Sayın Bozdağ burada önemli konulara değindi, önemli konularda konuştu.
Sayın Bozdağ’ın dünkü yaptığı konuşma aslında sıradan bir tören konuşması değildi bana göre.
Bekir Bozdağ, dün kürsüden bir konferans verdi desek daha doğru olur.
Gençlere önemli uyarılar ve hatırlatmalar yaptı Bozdağ.
Bozok Üniversitesi’nin akademisyenlerine güç ve kudretlerini hatırlattı.
İsterseniz önce akademisyenlere yönelik bazı ifadelerini irdeleyelim, sonrasında ise gençlere yaptığı önemli çağrılara değinelim.
Sayın Bozdağ, Anadolu vilayetlerine üniversite açmaya başladıklarında bazı çevrelerin ‘mümkün değil’, ‘bu iş yürümez’ türünden eleştiri ve art niyetli açıklamalar yaptığına değindi.
Sonrasında güzel cümle kurdu ve dedi ki “Ama bir şeyi unutmuşlardı… ODTÜ ve Hacettepe’de ilk kurulduğunda aynı imkânsızlıklar vardı. Akademisyen sorunu, kadro sorunu o günlerde de vardı. O gün bu üniversiteler kuruldu ve bugün Türkiye’nin saygın üniversiteleri oldular”.
Sizce de güzel bir tespit ve doğru bir örnek değil mi?
Sonrasında ise Bozok’un akademisyenlerine seslendi ve onlarında önümüzdeki yıllarda ODTÜ veya Hacettepe veya başka üniversitelerdeki akademisyenleri geçebilecek başarılara imza atabileceklerini hatırlattı.
Bu konuda şahsının inancının tam olduğunu vurguladı.
Akabinde ise yine kararlı bir şekilde “Niye olmasın, neden olmasın?” sorusunu sordu.
Sahi, neden olmasın, niye olmasın?
Yeter ki inanalım…
TEK TİP OLMAYIN
Sayın Bozdağ’ın gençlere yönelik yaptığı konuşmadan ise ben “Tek tip olmayın” anlamı çıkardım.
Nasıl mı?
Çünkü Sayın Bozdağ, gençlere ve akademisyenlere seslenirken, “FETÖ’nün yaptığı gibi sadece belli yazarların kitaplarını, dergilerini okursanız. Sadece belli kanalları izlerseniz, sadece belli adamlara kendinizi hapseder ve hapsedilmeyi iyi bir şeymiş gibi gençlere öğretirseniz işte o gence en büyük kötülüğü yaparsınız” diye konuştu.

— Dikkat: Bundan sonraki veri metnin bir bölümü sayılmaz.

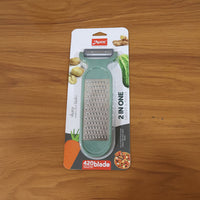 Sharp blade kitchen peeler and grater tool for quick food prep
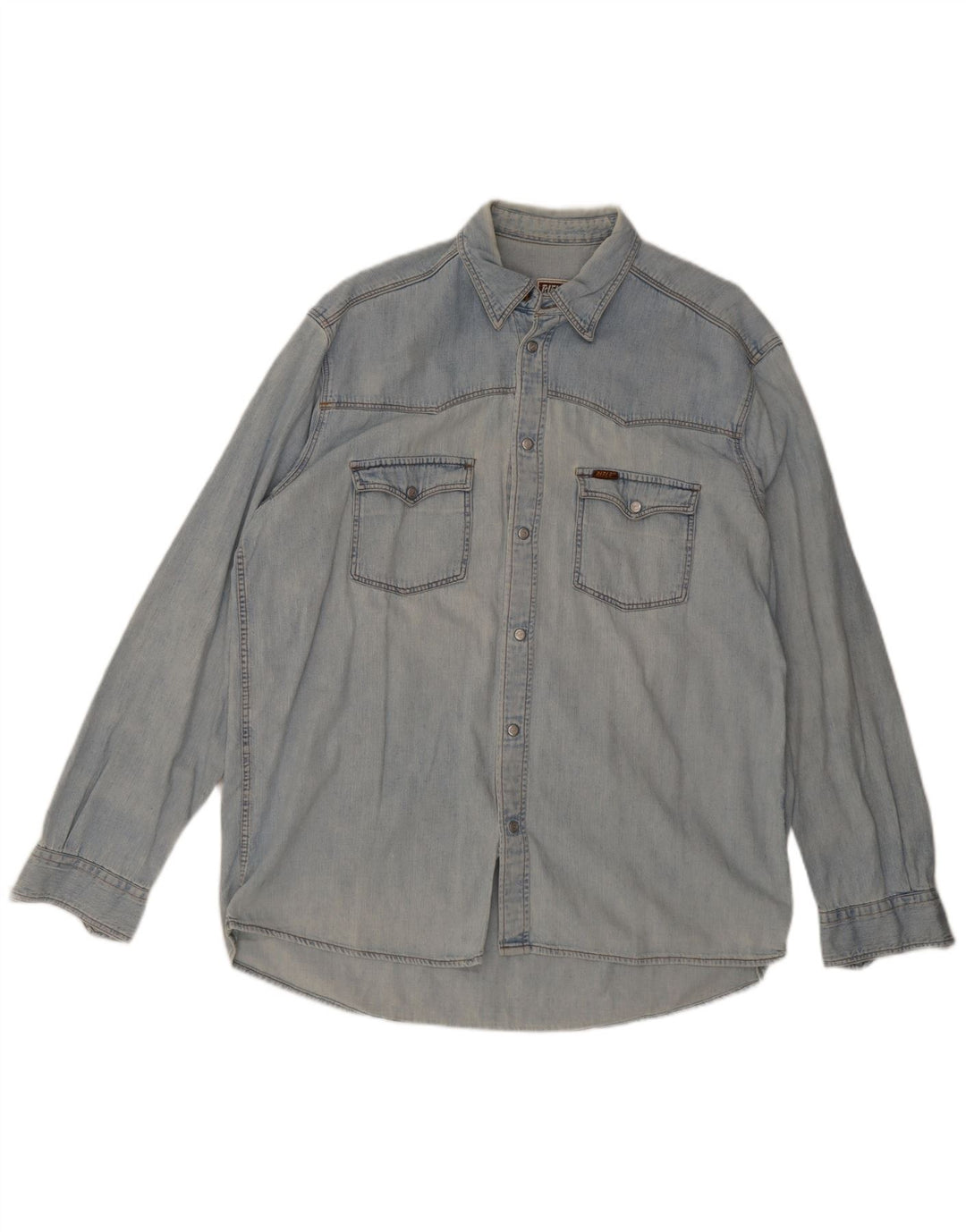 Rifle Mens Denim Shirt XL Blue Cotton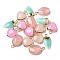 Resin Imitation Gemstone Pendants, with Light Gold Plated Brass & Iron Findings, Mixed Shapes, Mixed Color, 18~22x10~13x4~6mm, Hole: 1.8mm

Hatta bir örnek vererek, ekranda konuşan bir adamı görünce anında ekranı kapatanların bir ideolojinin esiri olan ve o ideolojiyi benimseyenlere tahammül edemeyen bir tip olduğu tanımlamasını yaptı.
Terör örgütlerine karşı da gençleri uyardı Sayın Bozdağ…
FETÖ, PKK, DHKPC ve DEAŞ gibi örgütlerin önce aklı, vicdanı, kalbi ve irfanı rehin aldığını vurguladı.
Dediğim gibi tören konuşmasından ziyade gençlere yönelik bir konferans gibiydi Bozdağ’ın konuşmaları.
KERKÜK HASSASİYETİ
Bunların dışında hemşerimiz Sayın Bozdağ’ın Kerkük konusundaki hassasiyete de konuşmasında yer vermesi,  Yozgatlı vatandaşların bir beklentisiydi.
Sayın Bozdağ’ın “Türkiye'nin güvenliğini, bölgenin güvenliğini tehdit edecek bütün bu uyarılara ve ikazlara rağmen referandum adımını atarsa bunun elbette bir karşılığı olacaktır" ifadeleri Yozgatlıların ve Türk Milleti’nin hissiyatlarıydı.
Sayın Bozdağ, bir devlet adamı olarak, bir devlet adamına yakışır ciddiyette konuştu ve mesajlarını verdi.
Umarım mesajları gençlerimize ve diğer muhataplarına ulaşmıştır.
Haydi selametle.

DUYDUK DUYMADIK DEMEYİN
*Kerkük konusunda sessizliğini sürdüren Yozgat kamuoyunu.
*Bu yıl yeni açılan bölümlerle büyümeyi sürdüren Bozok Üniversitesi’ni.